Sorenson had about $645 million in assets and $1.4 billion in liabilities as of Jan. 31, it said today in court papers filed in U.S. Bankruptcy Court in Wilmington, Delaware. The Salt Lake City-based company is regulated by the Federal Communications Commission.

“Compliance with the FCC’s reforms will result in a reduction in the debtors’ operating cash flow to levels that cannot support their capital structure,” Chief Financial Officer Scott Sorenson said in an affidavit filed in court.

The company owes about $546 million in loans that mature on Oct. 31 and $735 million in notes due Feb. 1. It owes about $25 million on a revolving credit line.
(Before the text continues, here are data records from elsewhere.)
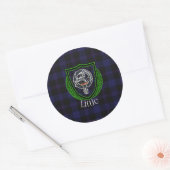 Little Scottish Clan Tartan & Crest Ronde Sticker (Envelop)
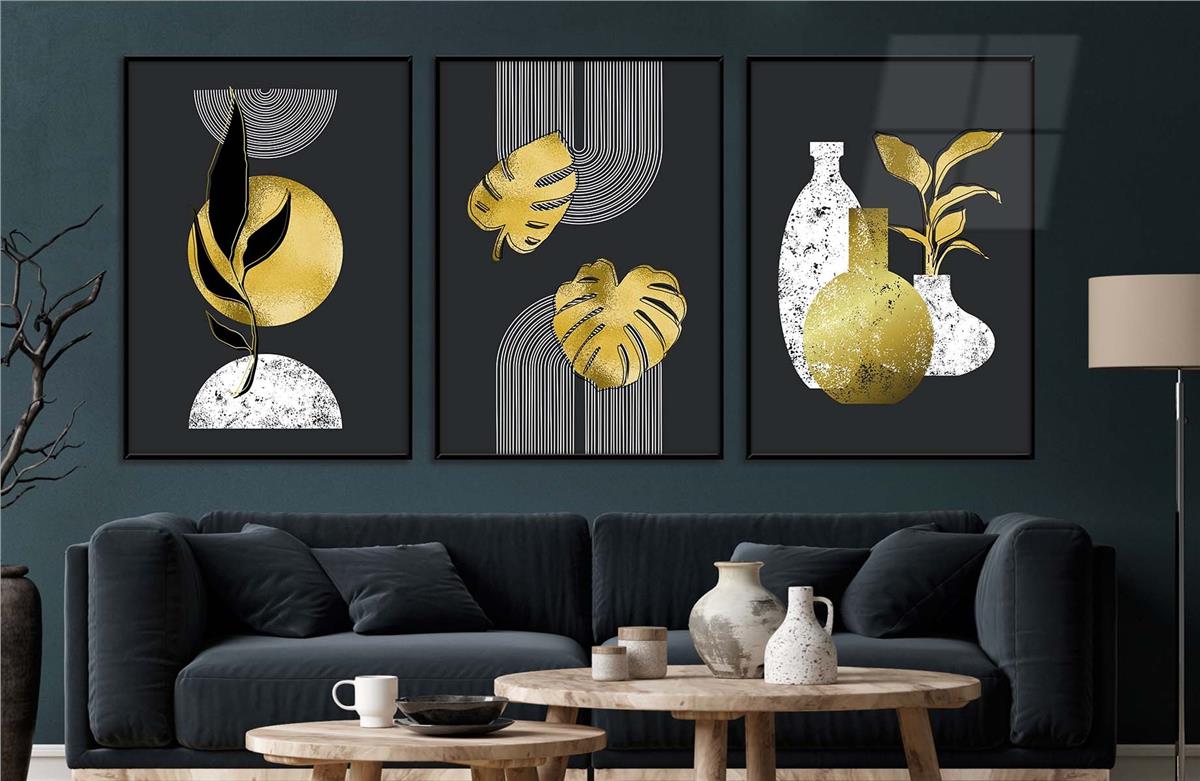 Alüminyum Çerçeveli Sanat Temalı 3'lü Set CAM Tablo 0008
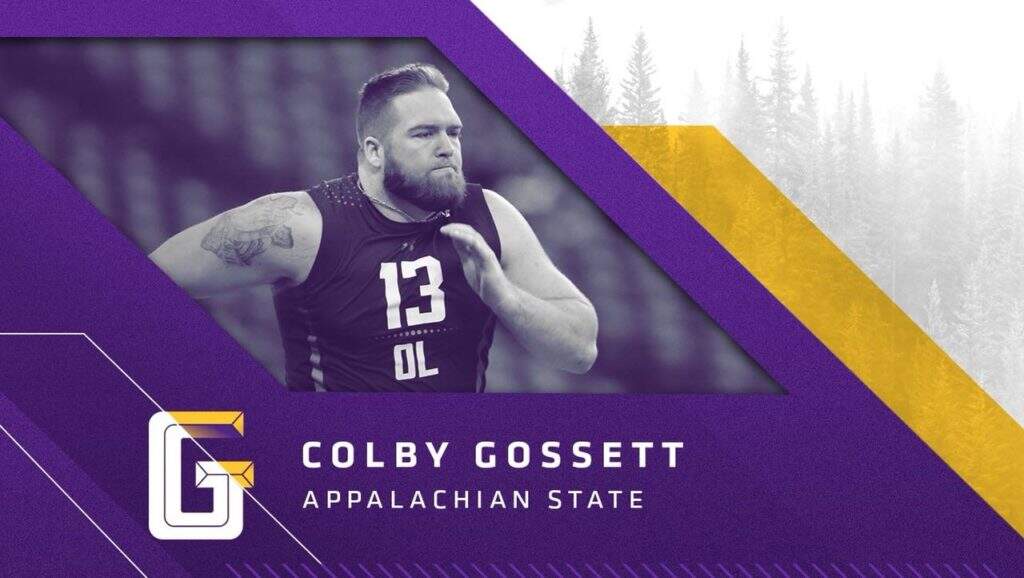 Guard Colby Gossett, Appalachian State, escolha do Vikings
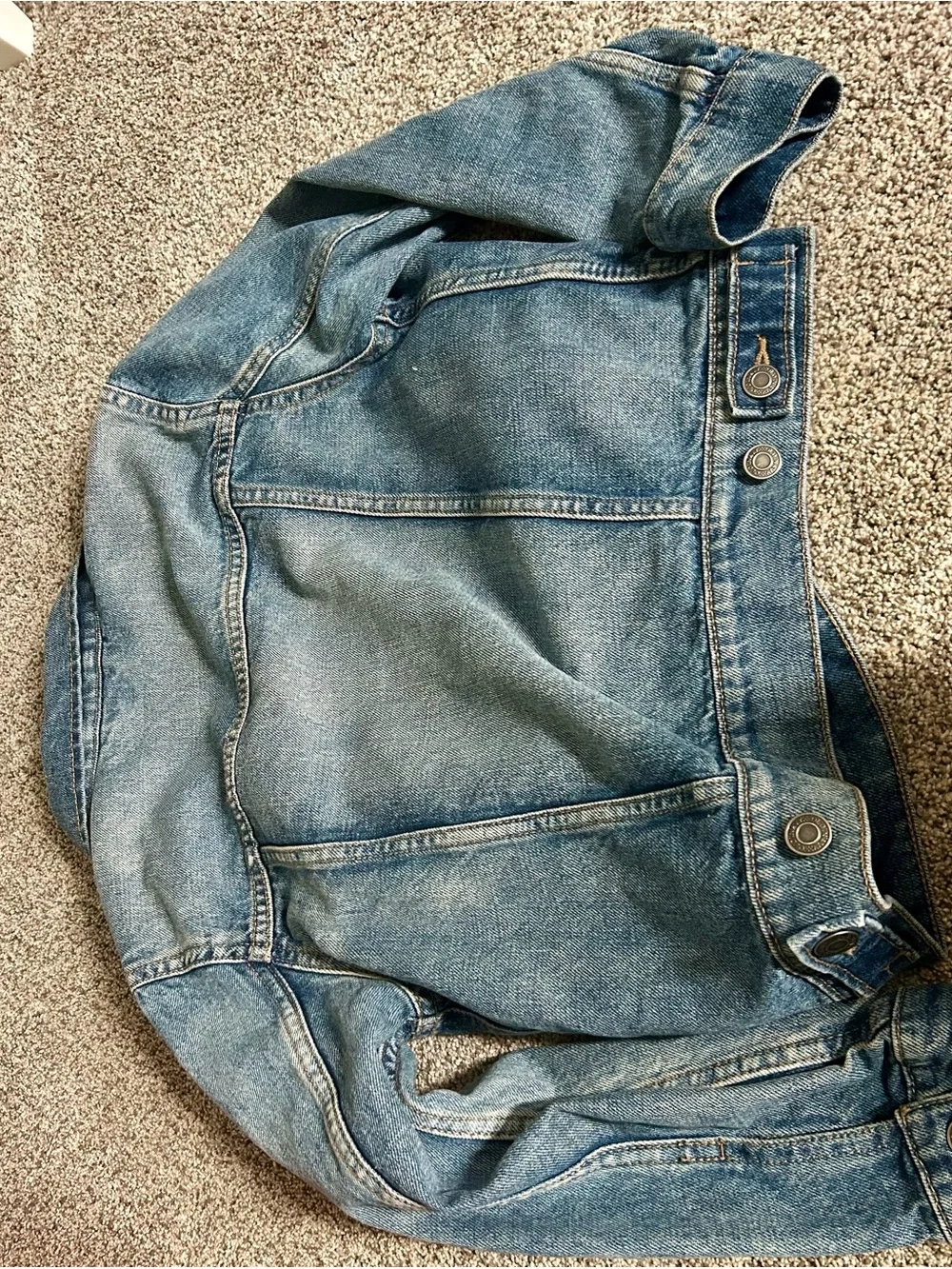 Old Navy Distressed Denim Jean Jacket with Smiley and Rainbow Accents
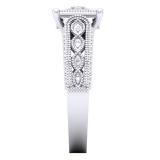 0.10 Carat (Ctw) Sterling Silver Round Cut White Diamond Ladies Bridal Milgrain Engagement Ring 1/10 CT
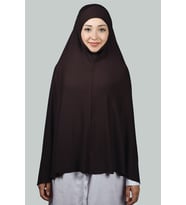 Hazır Türban Peçeli Pratik Eşarp Tesettür Nikaplı Hijab - Namaz Örtüsü Sufle (5XL) (Koyu Kahverengi )
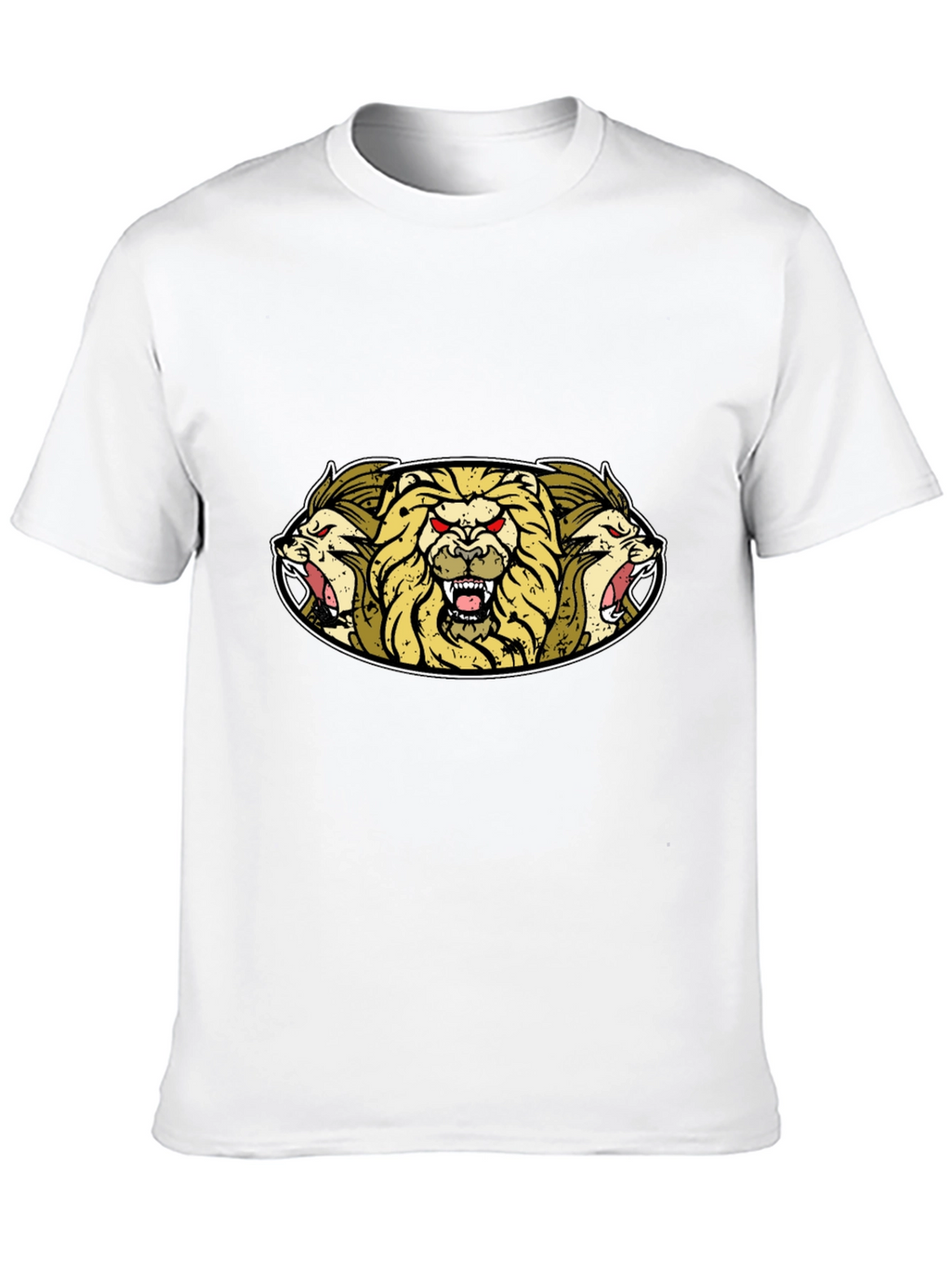 Lion Heads Graphic Tee - Mens Black T-Shirt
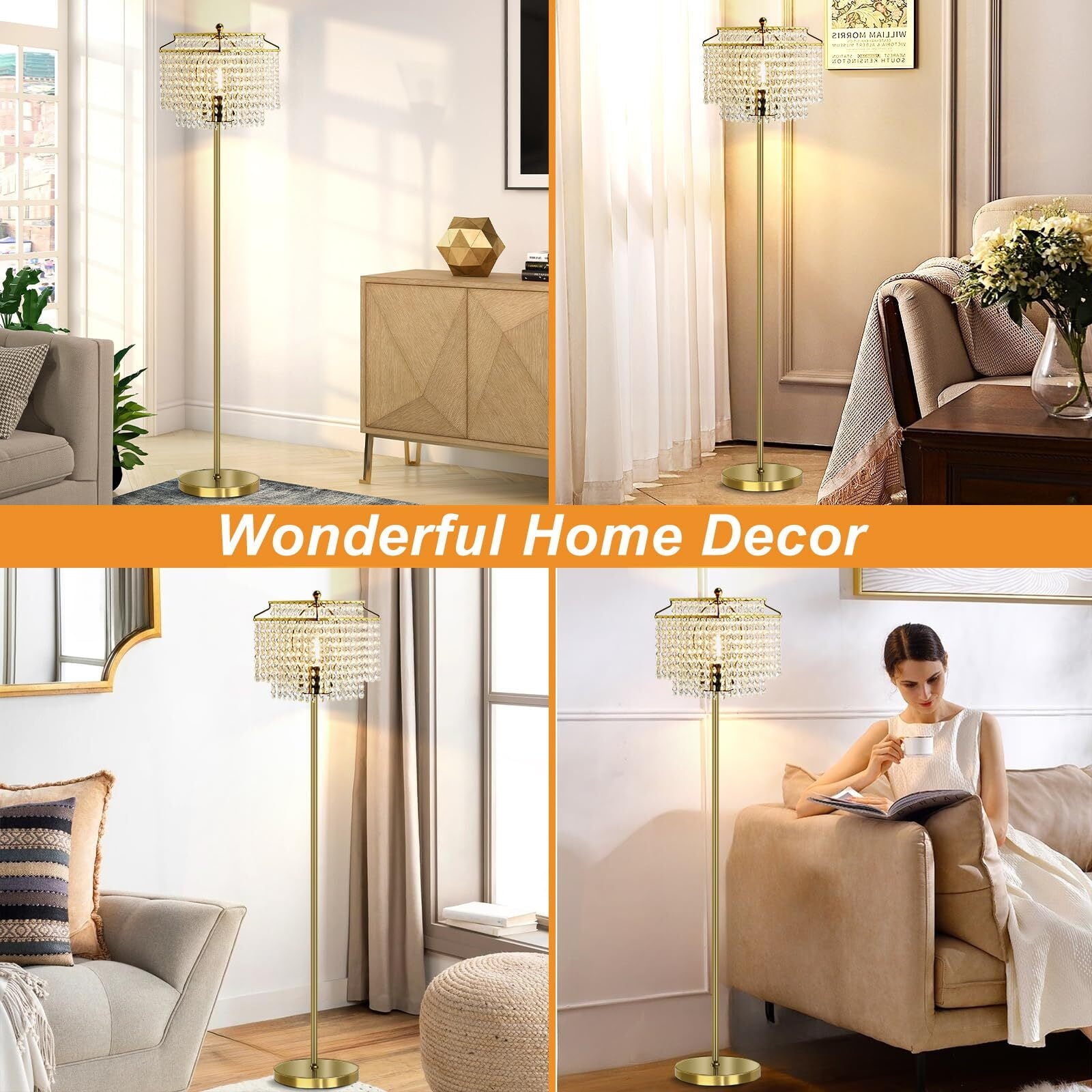 Cozylumi™ Gold Crystal Floor Lamp , Modern Standing Lamps with Double-Layer Lampshade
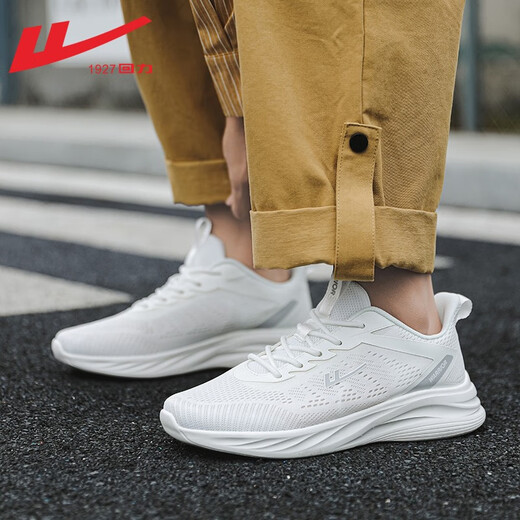Huili sports shoes men's shoes summer mesh shoes breathable soft sole mesh shoes men's casual shoes men's light shock-absorbing running shoes white 1483 40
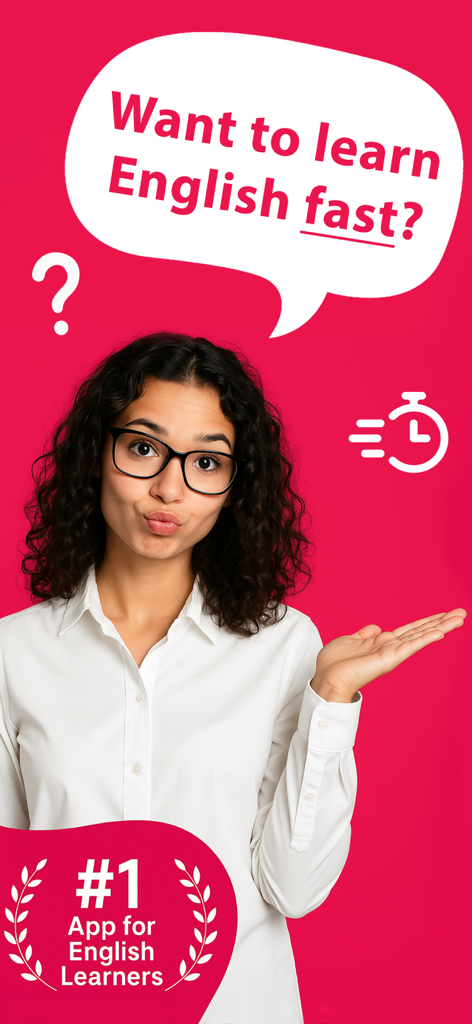 Master English - ENGO - メガネをかけた若い女性がピンクの背景の前に立って、英語を速く学びたいか尋ねています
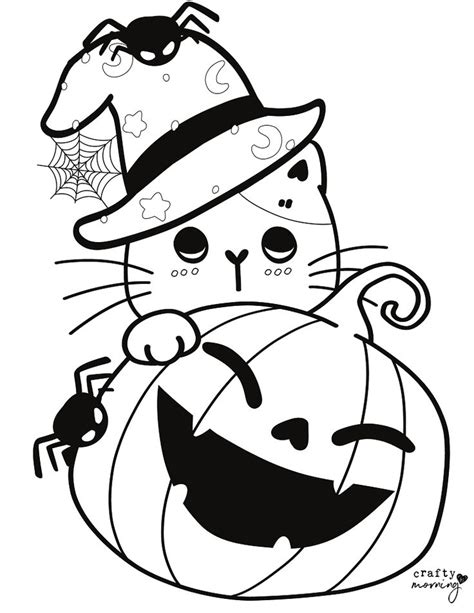 a black and white drawing of a cat with a pumpkin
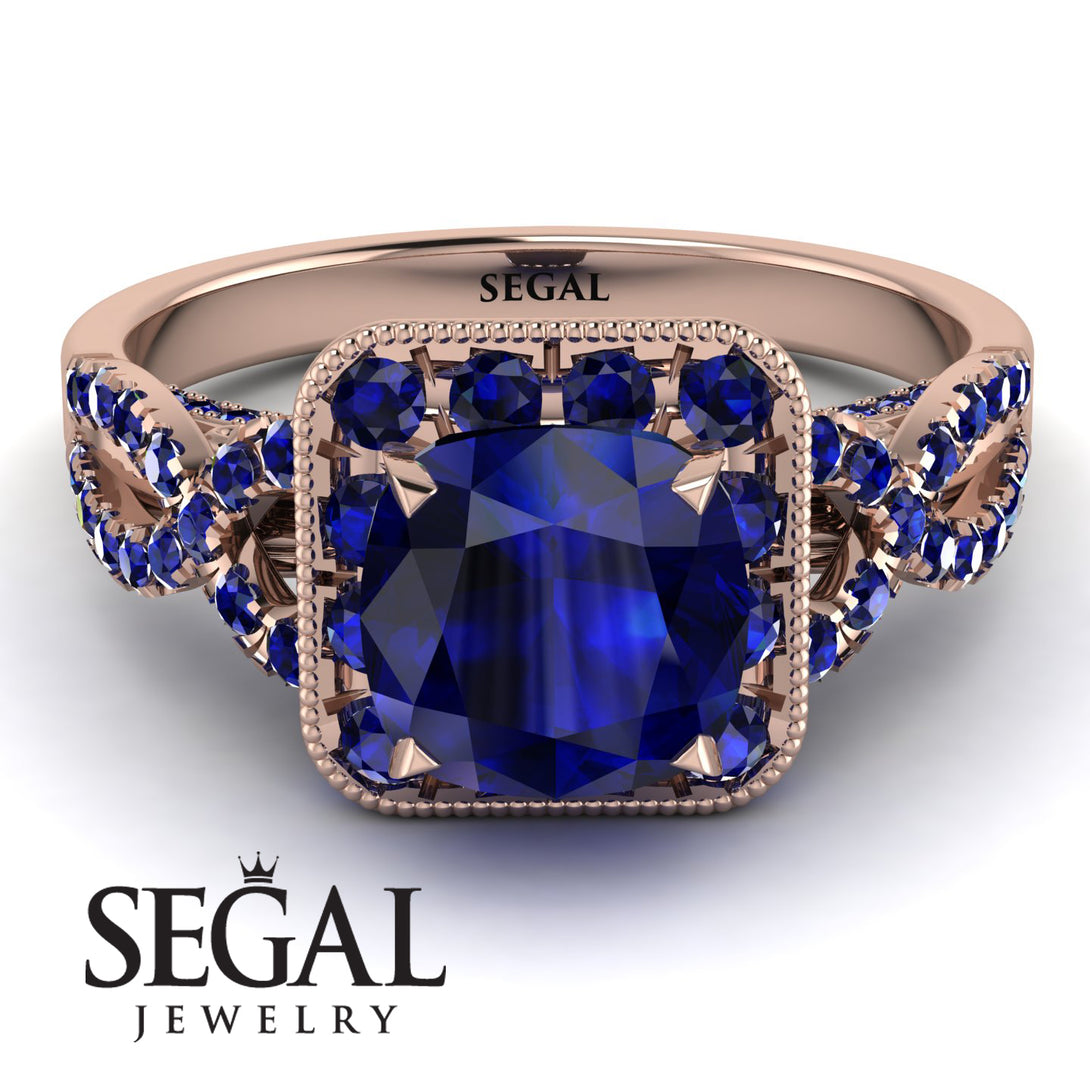 Cushion Cut Sapphire Milgrain Engagement Ring - Adelyn No. 74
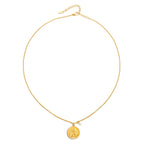 Saint Christopher Coin Necklace with Pearl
The notes, which pay an interest rate of 10.5 percent, fell 1.3 percent today to 88.8 cents on the dollar, according to data compiled by Bloomberg.

More than 120,000 people used the company’s services last year. Sorenson employs about 6,800 workers, it said in court papers.

 

Investor Agreement

 

The company has a restructuring agreement with the majority of investors who hold the notes. Under that plan, it would be 87 percent-owned by the noteholders. To exit bankruptcy, Sorenson would borrow as much as $550 million, a loan that some noteholders would help arrange.

Should U.S. Bankruptcy Judge Mary F. Walrath approve the proposal, the $546 million in loansSorensen owes would be repaid in full, and the notes would be traded for ownership stakes, new debt and cash. Existing owners would also get new debt and equity. Sorenson is currently controlled by Madison Dearborn and GTCR Golder Rauner LLC, both based in Chicago.

Standard & Poor’s last year downgraded Sorenson to CCC with a “negative outlook” on concern it might default on bank debt that expires in October. The $550 million term loan, obtained in March 2013, began paying interest at 8.25 percentage points more than the London interbank offered rate with a 1.25 percent minimum on the lending benchmark, according to data compiled by Bloomberg

Sorenson began in 1996 as Sorenson Laboratories Inc., which was trying to develop low-cost video conferencing for consumers. By 2003 the company had won authorization from state officials in Utah to provide video relay services to the deaf and hearing- impaired.

The case is In re Sorenson Communications Inc., 14- bk-10454, U.S. Bankruptcy Court, District of Delaware (Wilmington).